Na één jaar oorlog in Soedan zijn zeker 108 dorpen in brand gestoken

Sinds het begin van de oorlog in Soedan, bijna een jaar geleden, zijn daar zeker 108 dorpen in brand gestoken. Dat melden onderzoekers van de Britse mensenrechtenorganisatie Center for Information Resilience (CIR), dat onderzoek doet naar mensenrechtenschendingen en oorlogsmisdrijven in Soedan, Afghanistan, Myanmar en Oekraïne.

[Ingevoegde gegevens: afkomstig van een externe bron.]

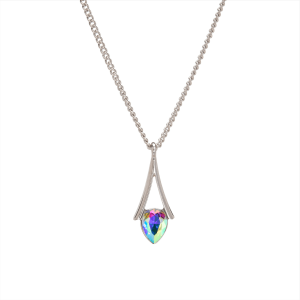 Aurora Borealis Swarovski Crystal Necklace ?C Modern Teardrop Crystal Pendant Necklace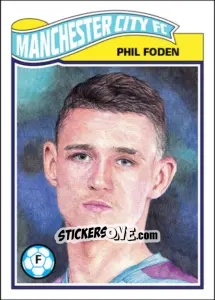 Sticker Phil Foden - Living Set Soccer 2019
 n. 36 - Topps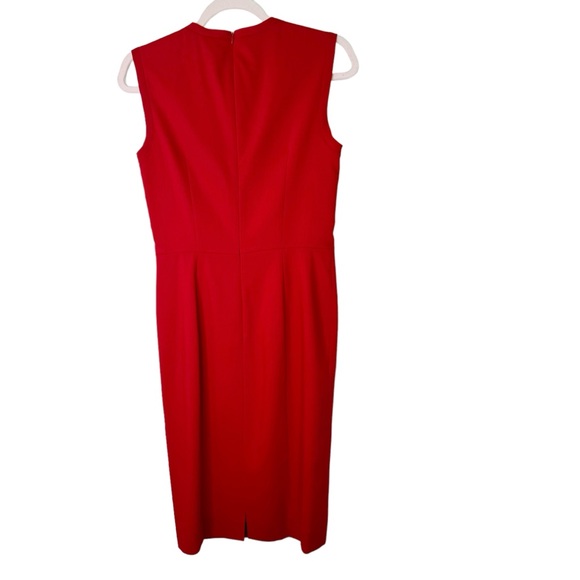 Jill Sander Red Sheath Dress Size Euro 36/US Size 2 - Picture 6 of 9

Op basis van vrij toegankelijke beelden op sociale media, satellietbeelden, mediaberichten en NASA-gegevens van temperatuurschommelingen onderzocht ‘Sudan Witness’, onderdeel van CIR, hoe vaak en waar dorpen in brand werden gestoken. De meeste branden werden gesticht in de regio Darfur en spreidden later uit naar Kordofan.

Vechtende milities in Soedan, waaronder de paramilitaire Rapid Support Forces (RSF), zetten volgens de CIR branden steeds vaker in als oorlogswapen. Zo werden in februari alleen al twintig dorpen in brand gestoken; het hoogste aantal sinds april vorig jaar. De oorlog heeft volgens schattingen van de Verenigde Naties sinds vorig jaar aan 10.000 tot 15.000 mensen het leven gekost. Zeker acht miljoen mensen zijn ontheemd.

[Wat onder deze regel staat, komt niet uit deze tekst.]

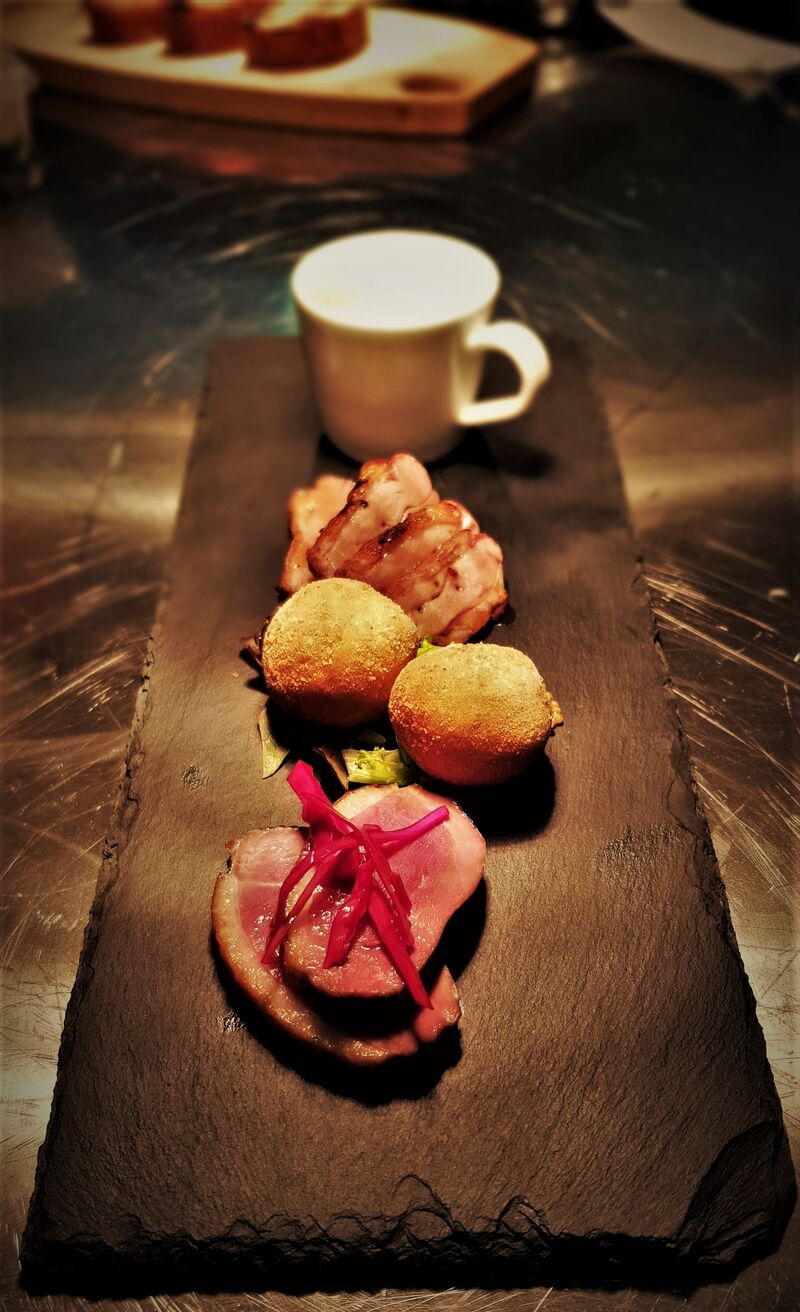 Hausgemachte Ente Platte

De conclusie over het totale aantal branden en verwoeste dorpen is gebaseerd op branden waarvan vrijwel zeker is dat ze opzettelijk zijn aangestoken. De onderzoekers hebben zo nauw mogelijk geprobeerd ‘toevallige’ branden – die bijvoorbeeld zijn ontstaan als gevolg van beschietingen of hitte – te identificeren en uit te sluiten, maar benadrukt dat uiteindelijk sprake blijft van een foutmarge en de conclusies niet volledig definitief zijn.

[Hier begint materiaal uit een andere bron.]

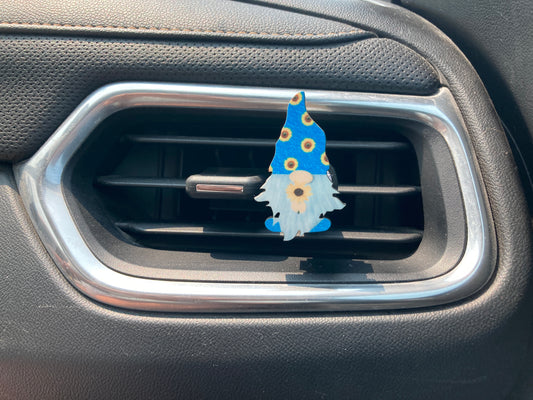 Sunflower (G03) Gnome with Feet 2" Vent Clip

Militieleden met jerrycans

Uit het CIR-onderzoek blijkt dat sommige dorpen meer dan eens zijn afgebrand, dat kampen voor ontheemden in brand zijn gestoken waardoor mensen opnieuw moesten vluchten, en dat dorpen die dicht bij elkaar liggen in dezelfde periode in brand zijn gestoken. Veel sociale media-beelden die door CIR zijn onderzocht, en ook zijn ingezien door NRC, tonen militieleden met jerrycans, met op de achtergrond huizen die in vlammen opgaan en straten bezaaid met lichamen.

Lees ook In Soedan woedt een van de ernstigste vernietigingsoorlogen ooit in Afrika

Een Zuid-Soedanees meisje staat op een boot vol bezittingen van families die op 14 februari de oorlog zijn ontvlucht. De boten nemen dagelijks honderden vluchtelingen mee op een reis die dagen duurt.

„In steden zoals Misterei, vlak bij de grens met Tsjaad, waar tienduizenden mensen wonen, hebben we de afgelopen maanden branden gezien waarbij hele delen van de stad slechts enkele dagen na elkaar in vlammen zijn opgegaan”, aldus -Anouk Theunissen van Sudan Witness. „Deze verwoestingen hebben velen gedwongen hun huizen te verlaten en degenen die zijn achtergebleven leven in angst.” Eerder berichtte mensenrechtenorganisatie Human Rights Watch over ten minste 28 standrechtelijke executies in dezelfde stad.

Op 15 april 2023 brak oorlog uit in de Soedanese hoofdstad Khartoem. De rivalen Abdel Fattah al-Burhan van het staatsleger en Mohamed Hamdan Dagalo, alias Hemedti, van de paramilitaire RSF – twee facties van de Soedanese strijdkrachten – gingen na jarenlange spanningen de strijd met elkaar aan.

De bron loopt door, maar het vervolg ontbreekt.